*Required work*. Although the records contain pictures, only their text should be repeated, exactly as it stands.

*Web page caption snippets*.
□ □ □ □

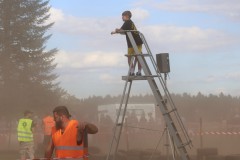 Rennen_2026_344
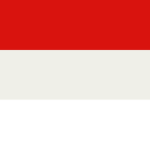 Rеpublic of Indonesia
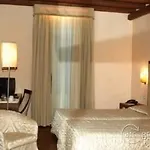 Palazzo Selvadego Hotel Venise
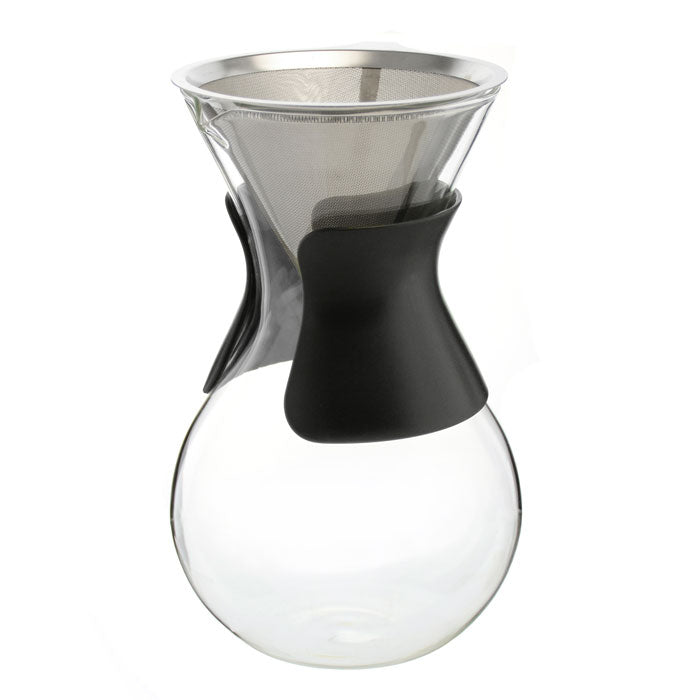 GROSCHE Austin G6 Pour Over Coffee Maker - Thumbnail 2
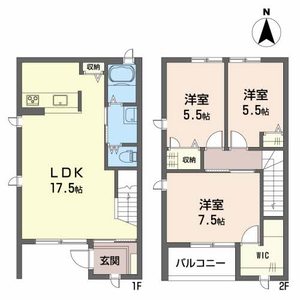 ディアス・パルモ A0101号-16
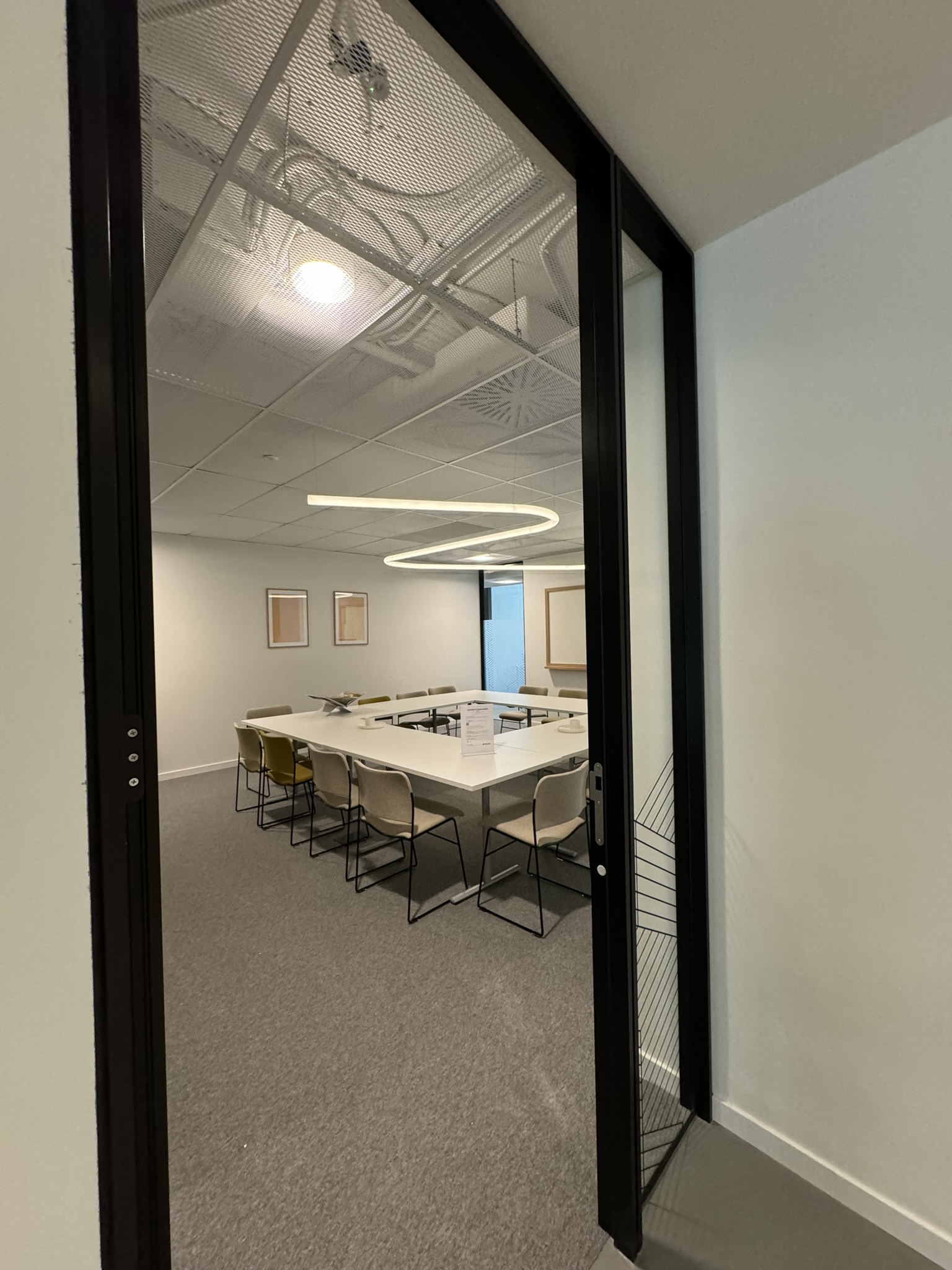 proyecto-spaces-7
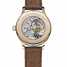Montre Chopard L.U.C Lunar Big Date 161969-5001 - 161969-5001-2.jpg - mier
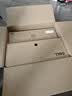 戴尔OptiPlex新款 Dell Pro Tower 高性能电脑台式主机(i5-14500 16G 512G)定制 商用办公 学习教育 实拍图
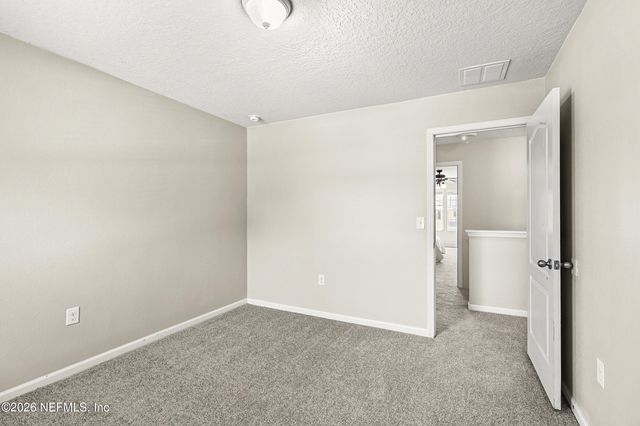 3812 BRONCO Road, Middleburg, FL 32068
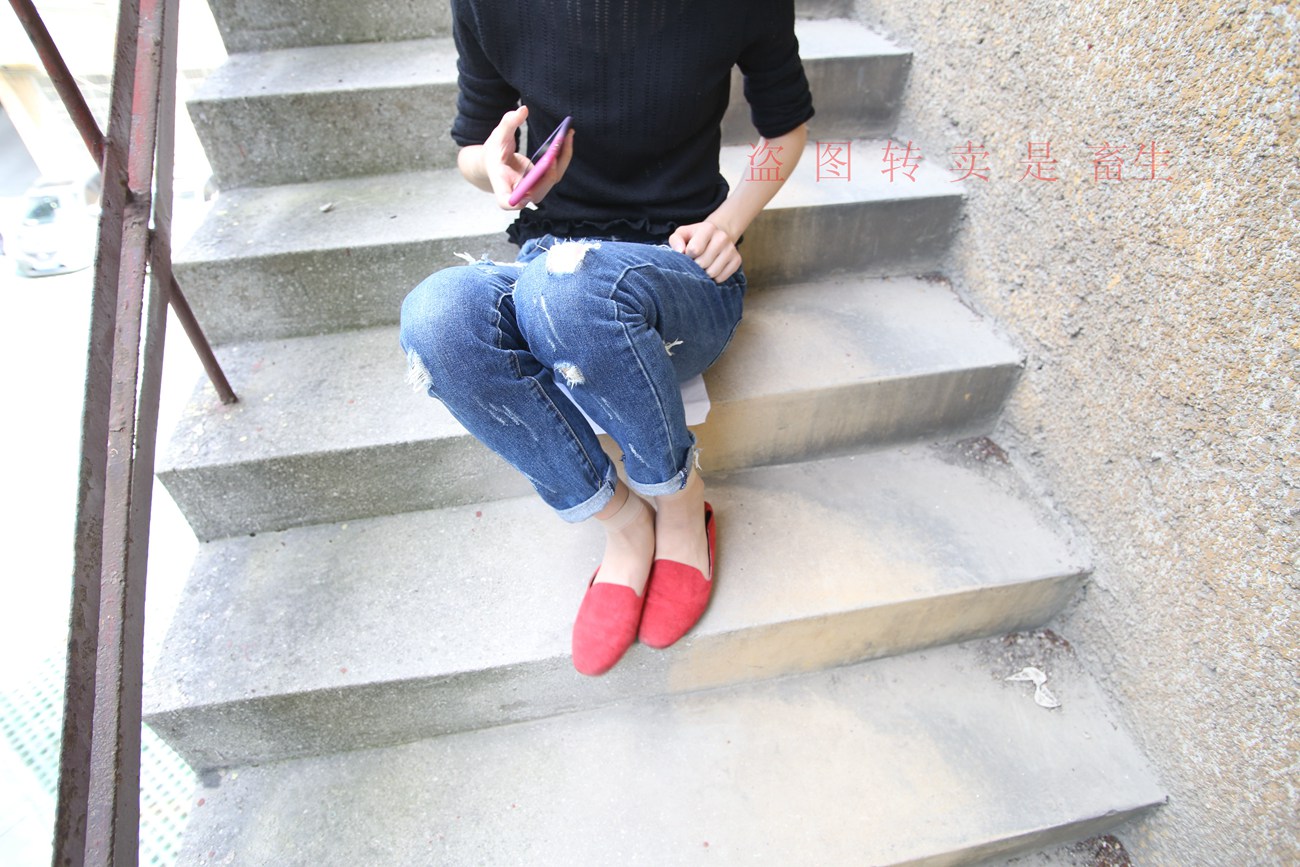 图片[254]-大西瓜爱牙膏-早期作品-S054 方案三 3 [278P] – 速更版-美库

□ □ □ □

*Exercise response*.
 Rennen_2026_344
 Rеpublic of Indonesia
 Palazzo Selvadego Hotel Venise
 GROSCHE Austin G6 Pour Over Coffee Maker - Thumbnail 2
 ディアス・パルモ A0101号-16
 proyecto-spaces-7
Montre Chopard L.U.C Lunar Big Date 161969-5001 - 161969-5001-2.jpg - mier
 戴尔OptiPlex新款 Dell Pro Tower 高性能电脑台式主机(i5-14500 16G 512G)定制 商用办公 学习教育 实拍图
 3812 BRONCO Road, Middleburg, FL 32068
 图片[254]-大西瓜爱牙膏-早期作品-S054 方案三 3 [278P] – 速更版-美库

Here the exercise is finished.